On hearing of the loss of Captain Fetterman’s entire detachment in 1866 near Fort Phil Kearney, General William Tecumseh Sherman wrote Commanding General Ulysses S. Grant: “We must act with vindictive earnestness against the Sioux, even to their extermination, men, women and children. Nothing else will reach the root of this case.”

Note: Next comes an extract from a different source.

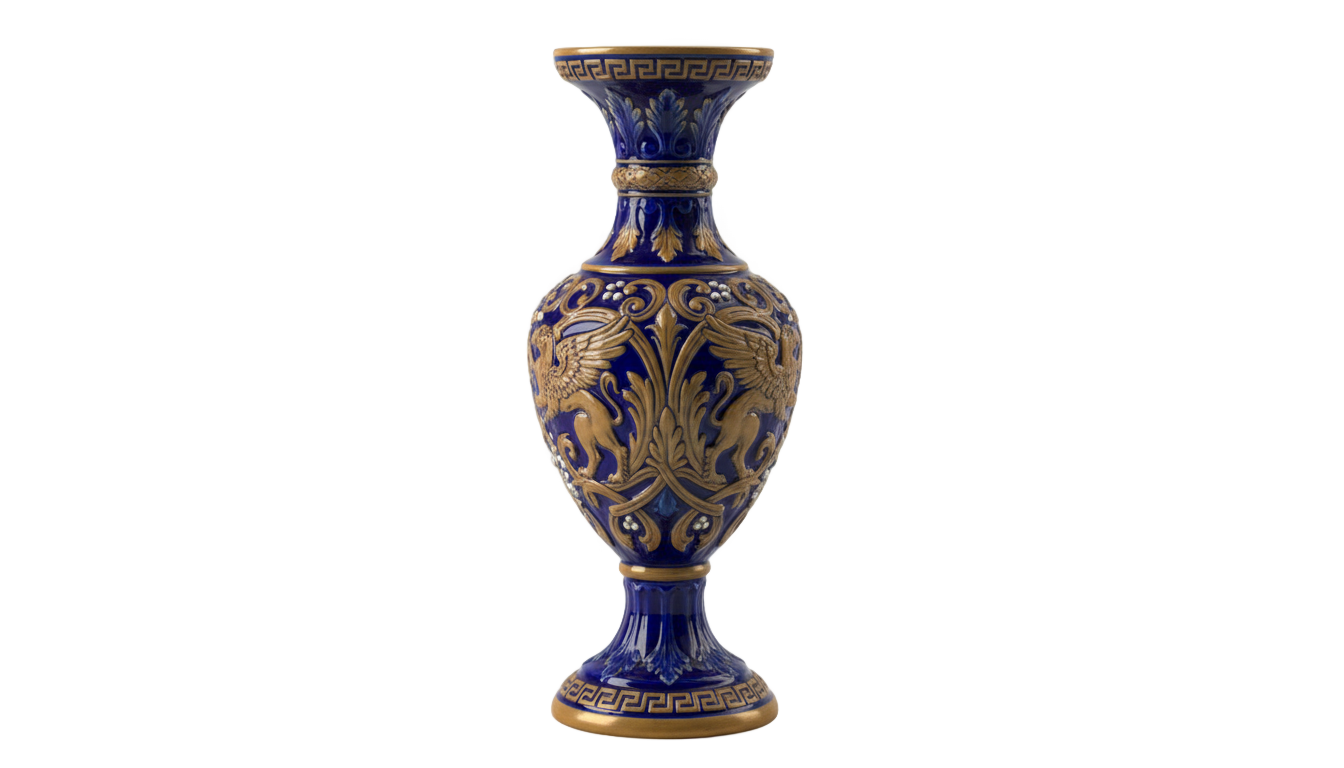 decorative vase png PNG transparent background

Thirty-five years later on Sumar (Philippines), General Jacob H. (“Hell-Roaring”) Smith issued Christmas Eve orders “to adopt a policy that will create in the minds of all the people a burning desire for the War to cease.” “Burn and kill the natives” soldiers appreciatively called the campaign. General Smith, an old Indian fighter, adopted tactics that had worked against Geronimo’s Apaches when they were captured, imprisoned, and finally herded into a reservation. He began by ordering all Filipino natives, under pain of death, out of the interior. Those who streamed down to the coast were immediately thrown into concentration camps.

Elihu Root, Secretary of War, under Presidents McKinley and T. R. Roosevelt, 1899-1904, justified the conduct of military operations in Samar by the “history and conditions of the warfare with the cruel and treacherous savages who inhabited the island,” citing two sustaining “precedents of the highest authority”: (1) General George Washington’s orders to general John Sullivan in 1779 to destroy the Iroquois, and (2) the “severity” General William Tecumseh Sherman proposed against the Sioux after the 1866 Fort Phil Kearny massacre.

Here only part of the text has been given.